Community members were able to learn more about their treasures during Steveston’s first-ever Antiques Roadshow-inspired fundraiser on Saturday.
The fundraiser, which benefitted Army Navy and Air Force 284 and Steveston Historical Society, featured onsite appraisers and various antique vendors.
Among local residents showing up with their treasures were Anieta and Stephen van Xavier, who brought along a silver-plated butter server, a brass dance card and a bracelet.
It was their first time attending an antique appraisal, but they were no strangers to the event.
“It was definitely the Antiques Roadshow… We all watched a little bit growing up,” said Anieta.
She added she was also inspired by a scene from Will and Grace where the main characters get surprised by an appraisal at a similar event.
“So we’re having that moment today. We’ll see what it is. It’ll be elation or, like, ‘You paid $10. It’s worth $20,’” said Anieta.

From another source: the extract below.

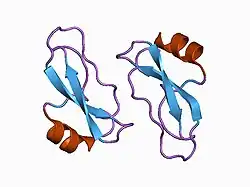 1aap: X-RAY CRYSTAL STRUCTURE OF THE PROTEASE INHIBITOR DOMAIN OF ALZHEIMER'S AMYLOID BETA-PROTEIN PRECURSOR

She told the Richmond News she had purchased the butter server for $10 through an online auction and found it had stamps associated with a well-known silversmith.
She had gotten the dance card for $10 at a garage sale for her mother, and the bracelet was something she bought during her 20s that she was hoping to learn more about.
After a short 10 minutes, the van Xaviers emerged victorious.
Anieta had been right in guessing the butter server dated back to the 1800s. It was made by a well-known American silversmith and used British silver.
“It had all the right stamps and due to that, it was worth $300 or $400, and I paid $10 for it,” Anieta explained.
Although the dance card was not worth as much due to it being made of brass, it is still worth around $50 to $80 thanks to its ornate design.
“My mom will be happy to know that because I bought that for her,” said Anieta.
On the other side of the room was Darleen Jiang, a local vendor selling glassware and china from all over the world from her mother’s personal collection.
Treasures spotted at Jiang’s table included glass flower decorations made in China and exported to North America during the 1970s and 1980s.
Jiang and her mother, who recently opened an antique shop in the area, said they wanted to attend the event to connect with the community.
Steveston was a clear choice for their new shop, said Jiang, since it is a place “full of culture.”
“There’s also a larger population of elderly community members, who tend to appreciate antiques more,” she explained, adding that younger generations are starting to gain interest in the hobby as well.